I mean, every teacher that I've seen plastered on my screen for having sex with a student has been white/possibly Latino/mostly women recently and have been more publicized than this story so... I guess black people should be happy we're just brawling in front of the kids instead of molesting them?


----------



## Femmefatal1981 (May 25, 2017)

kanozas said:


> The bigger picture...
> 
> plenty of White folks fight on the job, even teachers and administrators.  Some of them sex your kids or conspire to  plot colleagues' deaths, embezzle and such, even murder.   They made sure to plaster BLACK women fighting in Atlanta, a "black" town.  All of these national images are just part of the current scheme by the WH to make Black people and other  minorities the scapegoats.  No, it's not right to fight.  I wish no child would try and intervene except to call the principal or other help.  We're all under siege.

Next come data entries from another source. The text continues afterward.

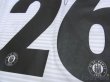 Photo7: FC St.Pauli 2014-2015 Away Autographed Shirt #26 Gonther Bundesliga Patch/Badge Hermes Patch/Badge (7)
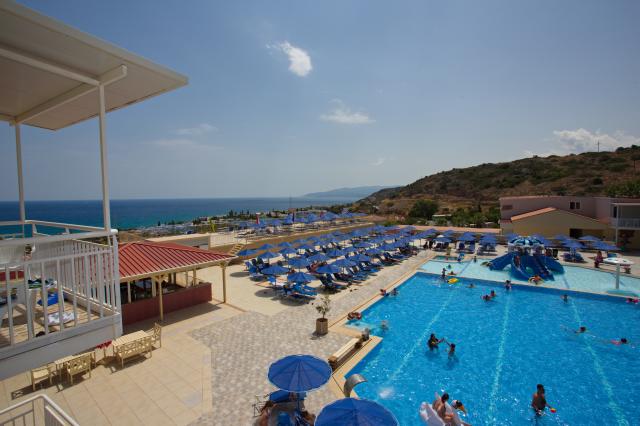 FAMILY WORLD AQUA SUN VILLAGE - Bazény - Venkovní bazén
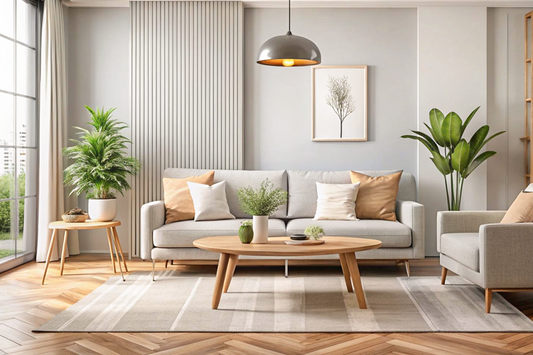 How to Arrange Your Living Room Furniture for Maximum Comfort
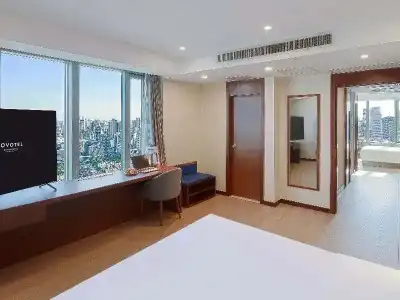 Novotel Shanghai Atlantis - 51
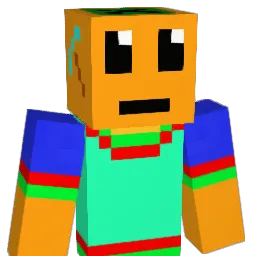 pictorialphd0 Minecraft avatar bust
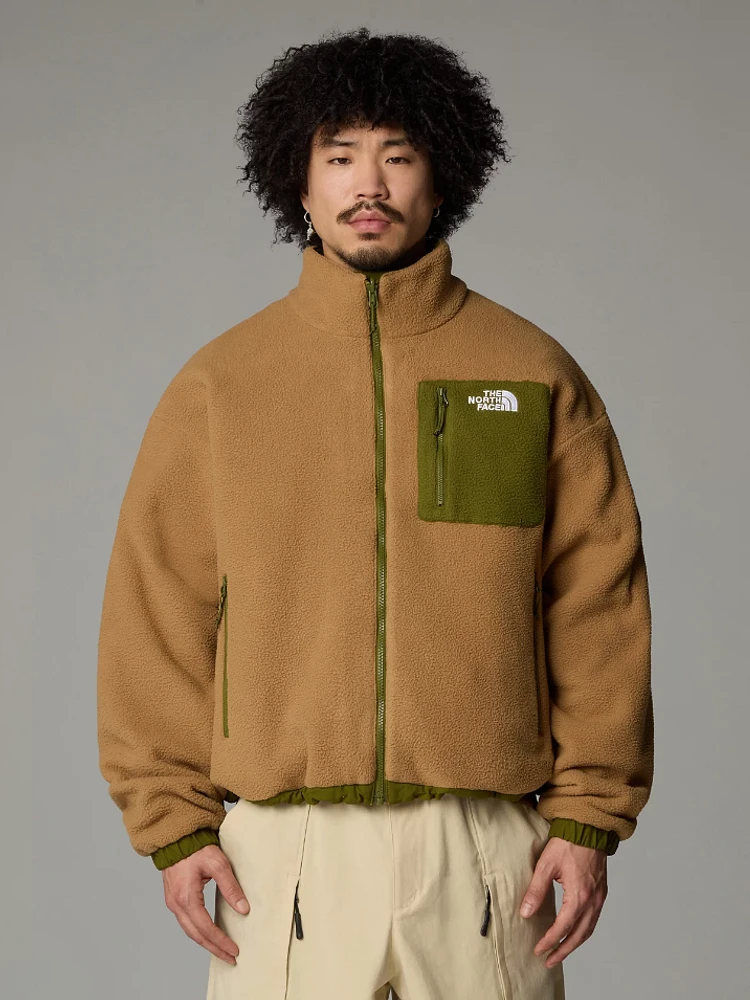 Yumiori Reversible Jacket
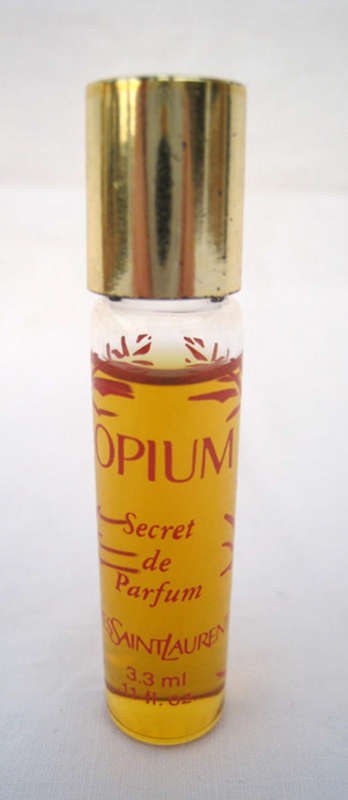 Collectable Miniature Opium by Yves Saint Laurent mini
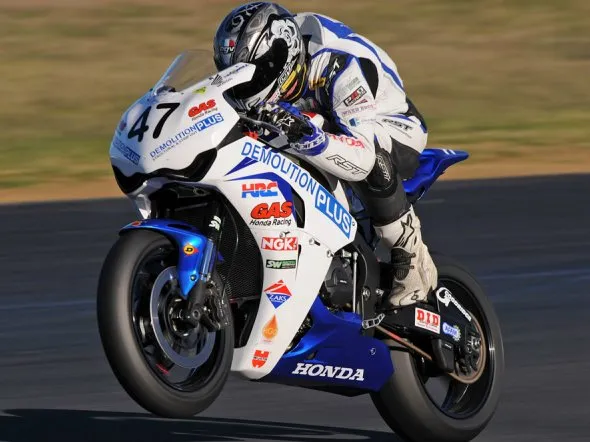 wayne maxwell asbk demolition plus honda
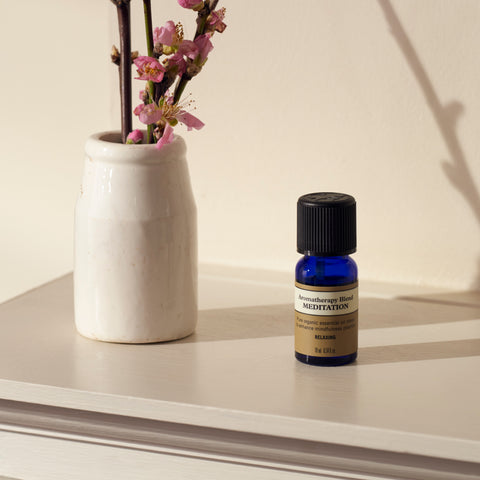 Aromatherapy Blend - Meditation Essential Oil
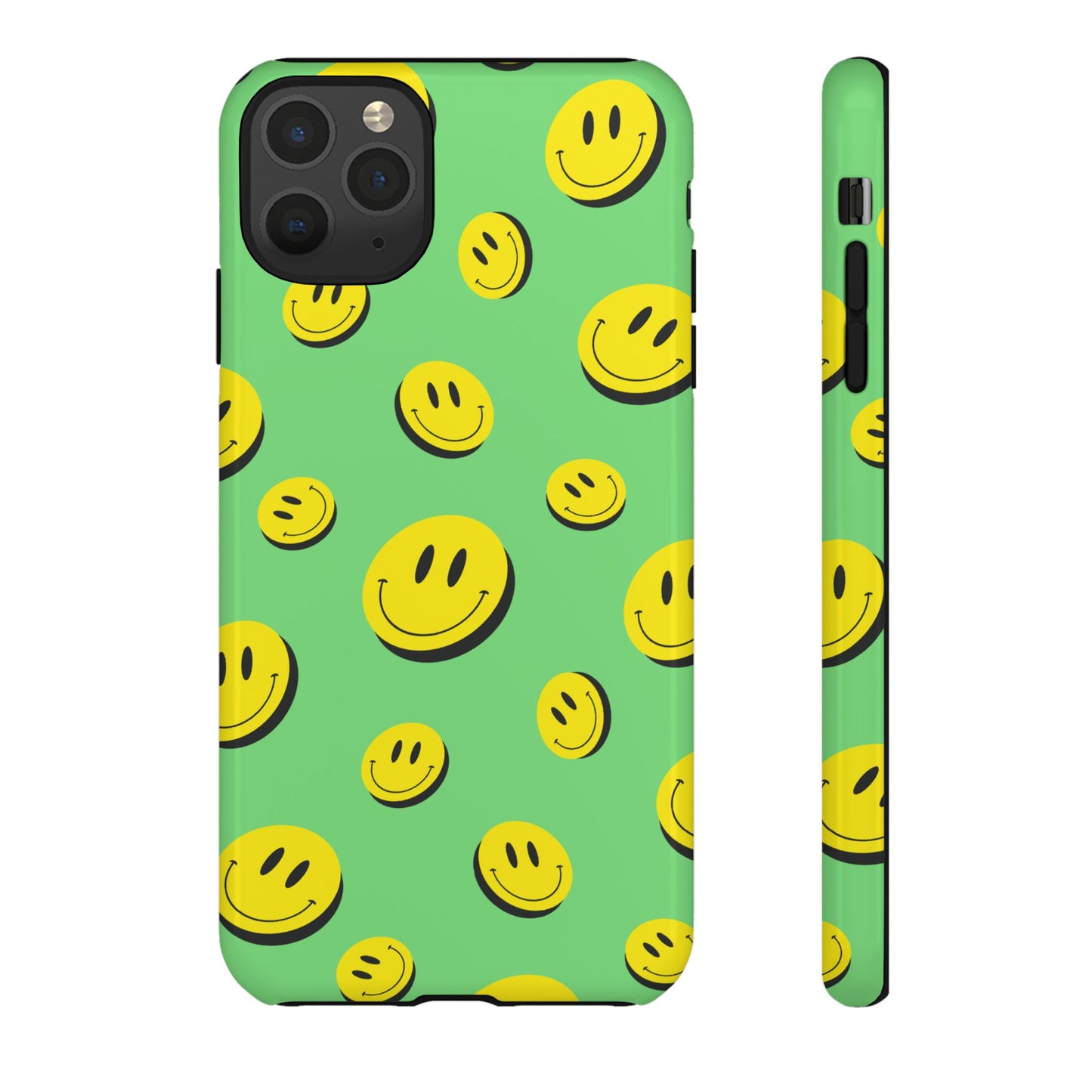 Acid Smiles - iPhone Tough Case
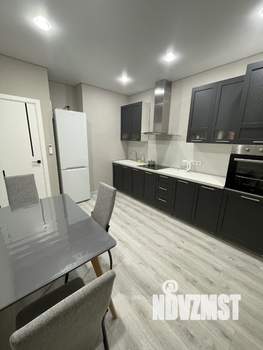 2-к квартира, на длительный срок, 55м2, 12/18 этаж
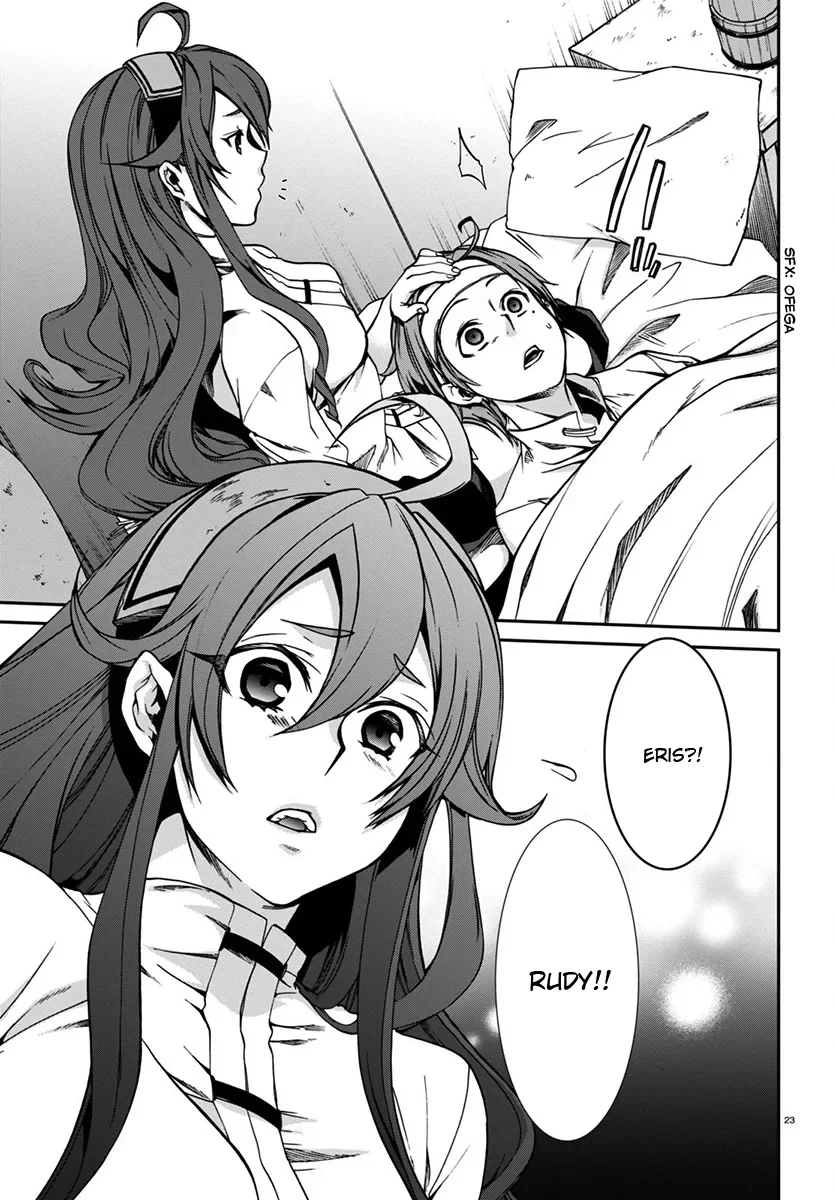 Mushoku Tensei Capítulo 32 Página 22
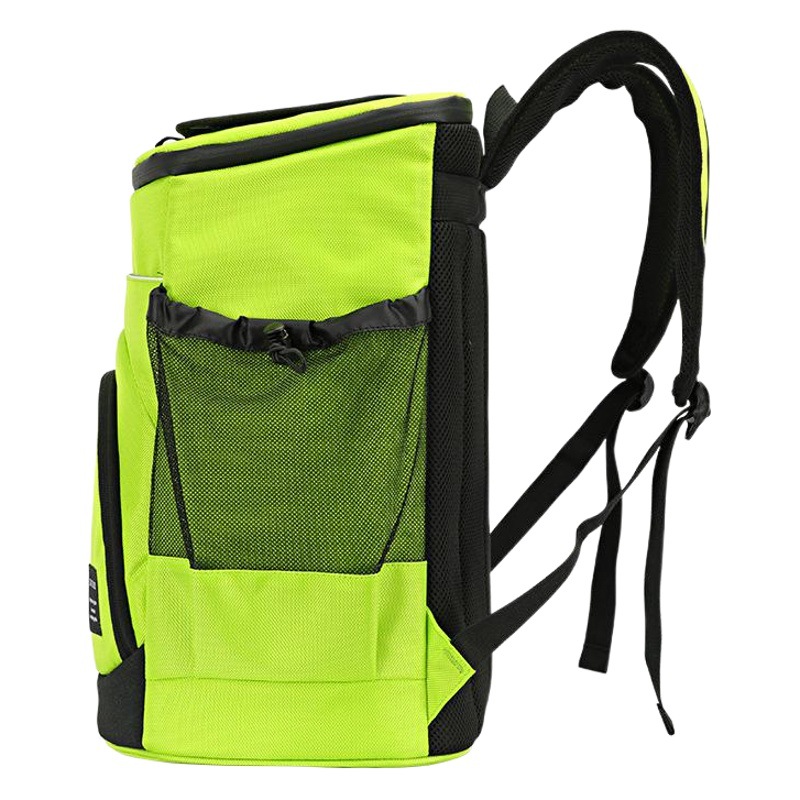 Amazon Venta caliente 30l nueva mochila bolsa de hielo al aire libre a prueba de fugas bolsa de aislamiento ligero picnic bolsa de hielo bolsa de cerveza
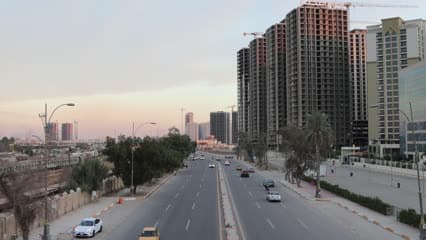Al-Muthanna Street, Baghdad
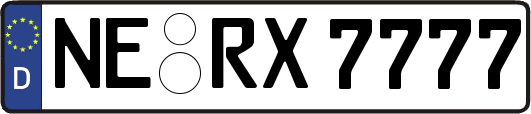 NE-RX7777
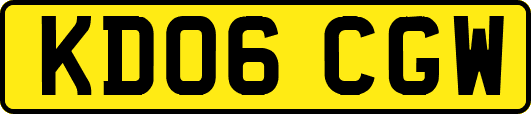 KD06CGW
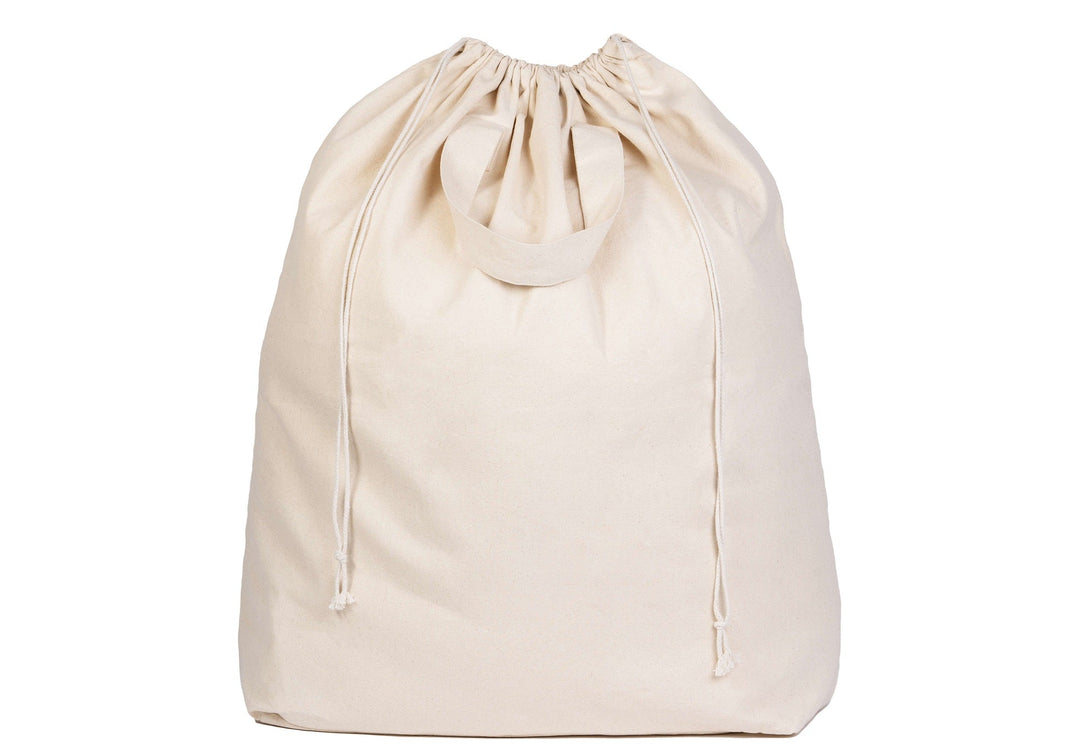 Organic Canvas Laundry Bag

Nope. Those white, Hispanic and Asian teachers are all over the news and tv when they have sex with minors. This did not get nearly that kind of coverage. I have never in my teaching career heard of teachers of any race fighting in class in front of kids. After hours? Maybe.


----------



## tatiana (May 25, 2017)

Tolle said:


> Do y'all have inside info? Where'd the man angle come from?


I heard on the radio that they were fighting over a male teacher.


----------



## kanozas (May 25, 2017)

Femmefatal1981 said:


> Nope. Those white, Hispanic and Asian teachers are all over the news and tv when they have sex with minors. This did not get nearly that kind of coverage. I have never in my teaching career heard of teachers of any race fighting in class in front of kids. After hours? Maybe.




Yep, the media beelines to Blacks acting like fools to further this underlying scapegoating.  People can't see it because of conditioning.  One day, they'll wonder how they ended up in the gas chambers.  But I never said nor implied that others don't get on the news....anytime it's Black people, it's the "worst."


----------



## Femmefatal1981 (May 25, 2017)

tatiana said:


> I heard on the radio that they were fighting over a male teacher.


Now this is not shocking. A lot of that used to go on in my old district. I'm sure it goes on her too I'm just not privy to that level of gossip.


----------



## MilkChocolateOne (May 25, 2017)

1QTPie said:


> Over a man... sigh.  I still giggled, but man, come on.




A man was my first thought. They were throwing punches with so much passion. idiots. They're brawling and he was probably laid up with someone else.


----------



## Kanky (May 25, 2017)

kanozas said:


> Yep, the media beelines to Blacks acting like fools to further this underlying scapegoating.  People can't see it because of conditioning.  One day, they'll wonder how they ended up in the gas chambers.  But I never said nor implied that others don't get on the news....anytime it's Black people, it's the "worst."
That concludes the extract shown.